───── Data provided ─────

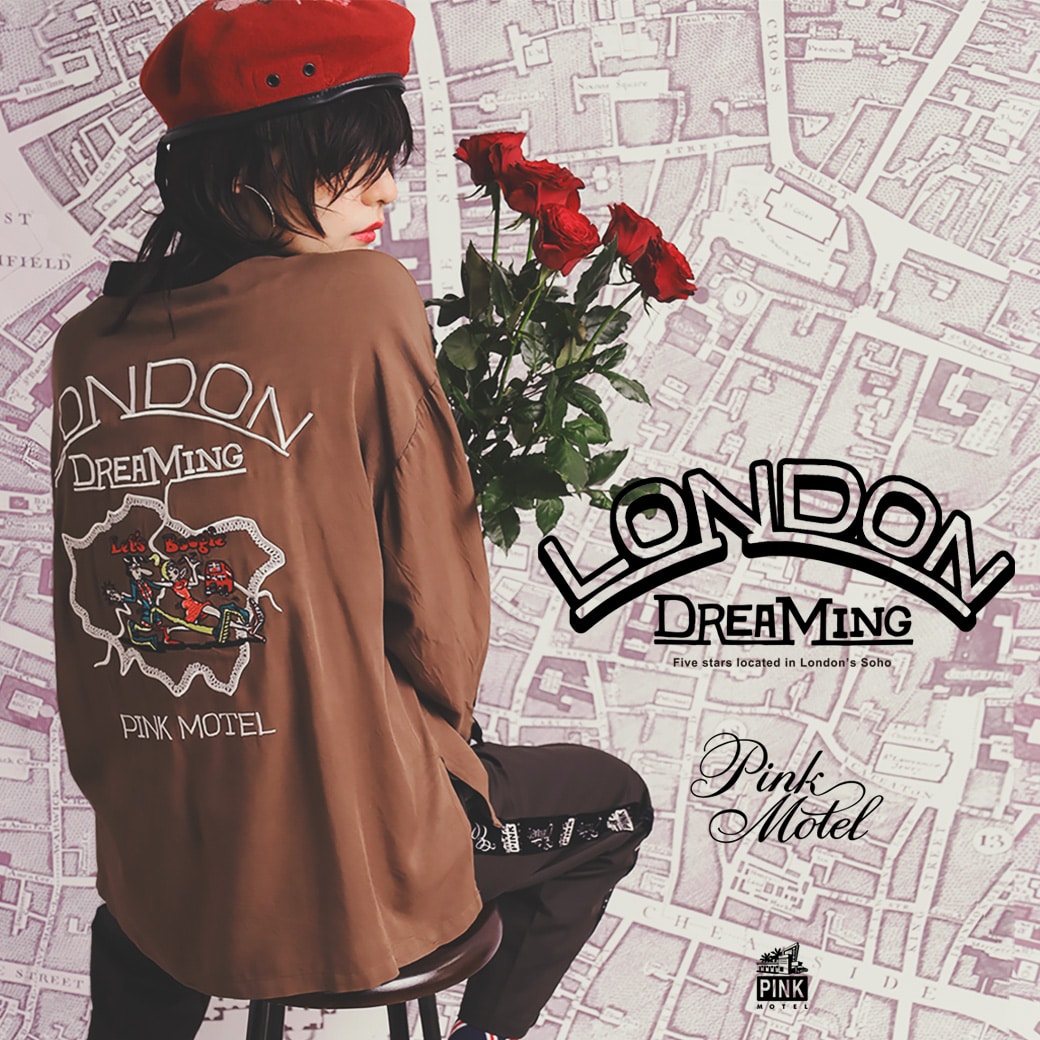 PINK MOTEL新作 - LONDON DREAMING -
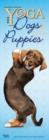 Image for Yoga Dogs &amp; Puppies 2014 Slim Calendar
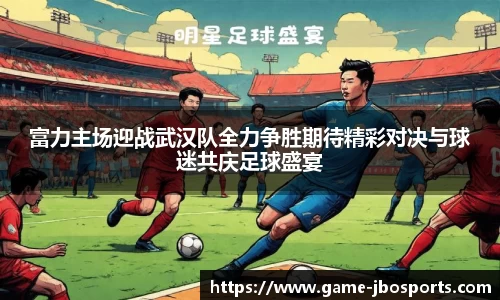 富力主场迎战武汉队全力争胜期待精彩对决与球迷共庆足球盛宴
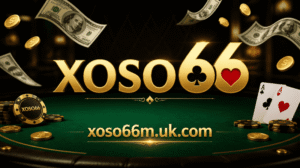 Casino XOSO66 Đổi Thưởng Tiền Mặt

─────

- **Exercise details**
For this copy, leave pictures out and reproduce the lines from the one bearing "Image for Yoga" through the final line of the listing above, both ends included.

- **Solution for this exercise**
 Image for Yoga Dogs &amp; Puppies 2014 Slim Calendar
 富力主场迎战武汉队全力争胜期待精彩对决与球迷共庆足球盛宴
 Casino XOSO66 Đổi Thưởng Tiền Mặt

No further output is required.